The replacement of vaccine-targeted serotypes with non-vaccine serotypes has been observed in both nasopharyngeal carriage and invasive pneumococcal disease following PCV implementation. Additionally, increases in non-susceptibility or resistance have emerged among non-vaccine serotypes in certain contexts. The incomplete understanding of the overall impact of these shifts on circulating pneumococcal populations has hindered comprehensive evaluations of the role of PCVs in mitigating antimicrobial resistance (AMR) (Andrejko et al., 2021).

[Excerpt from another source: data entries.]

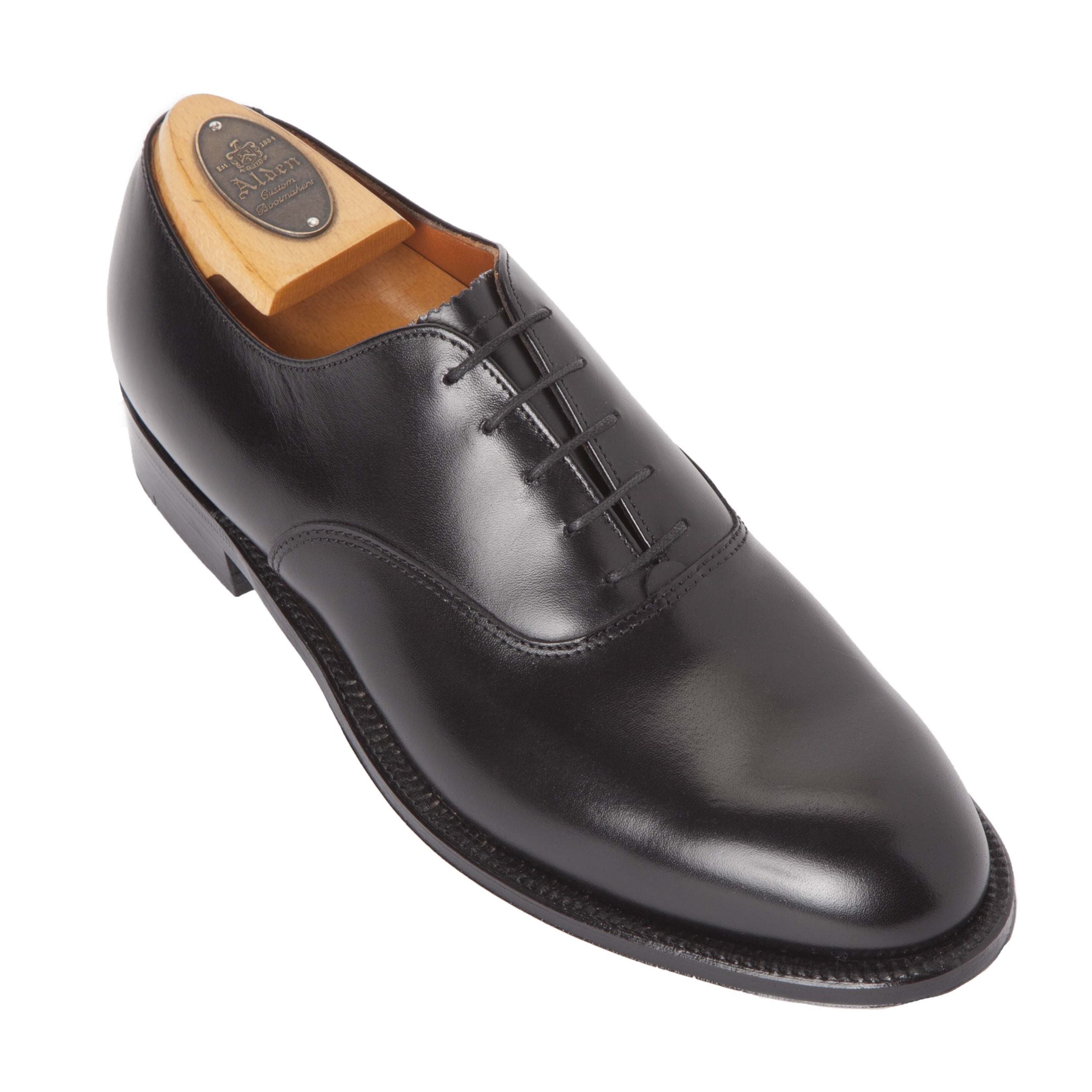  932 - Plain Toe Bal in Black Calfskin、mySite、preschool7hills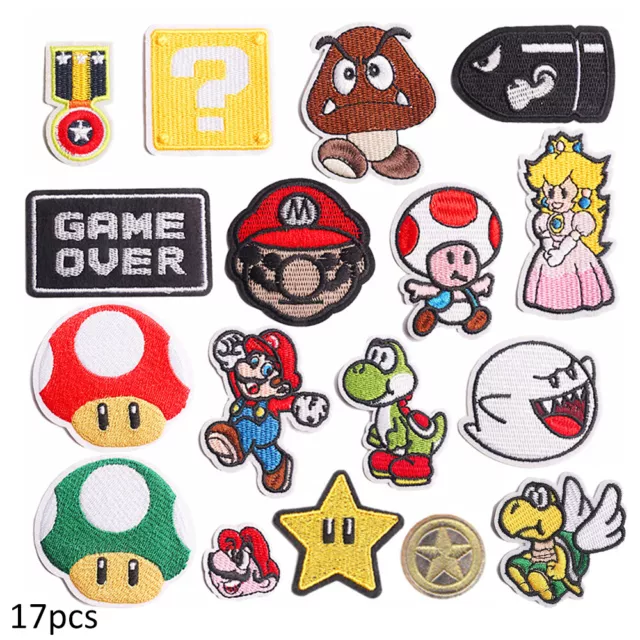 17x SuperMario Embroidery Applique Patches Sew Iron On for Kids Clothes Jeansש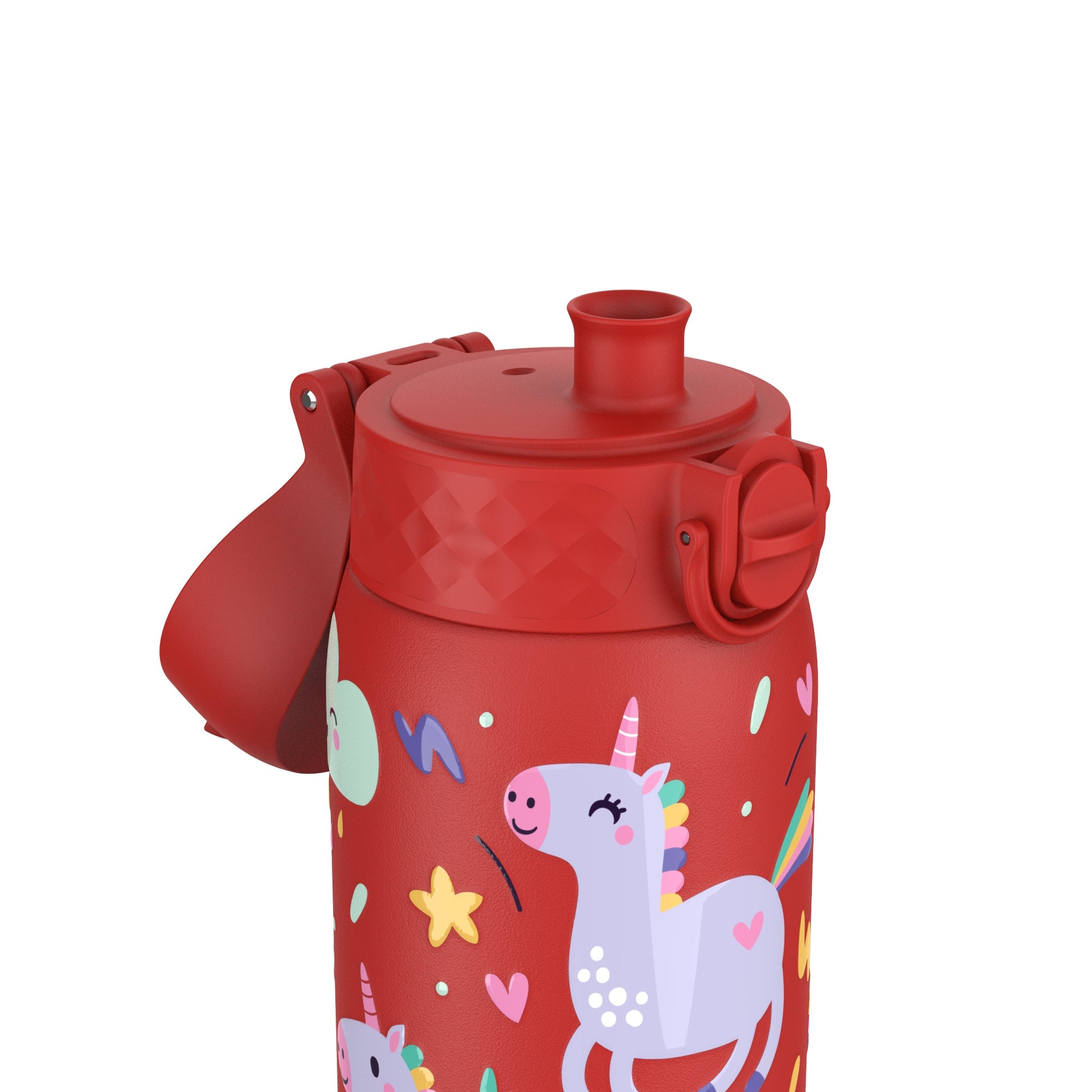 Red water bottle with a flip-top lid featuring colorful unicorn and heart designs standing upright against a white background.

Serotype replacement following PCV introduction is well-documented globally. For example, Analysis of IPD data from 10 European countries over 8 years of PCV programs with PCV10 and PCV13 revealed significant trends. Between the PCV7 period and 2018, IPD incidence decreased by 42% in children < 5 years, 32% in individuals aged 5–64 years, and 7% in those ≥ 65 years. However, non-PCV13 serotype IPD incidence increased substantially across all age groups, ranging from 63 to 111%, with the largest proportional increase observed in children. In regions with high PCV10/PCV13 uptake, non-PCV13 incidence in children rose by 223%, compared to 56% in areas with moderate uptake. While surveillance capacity and healthcare contexts differ between Europe and the EMR, these data underscore the importance of monitoring for similar replacement phenomena and their potential impact on AMR in the EMR following PCV introduction (Hanquet et al., 2022).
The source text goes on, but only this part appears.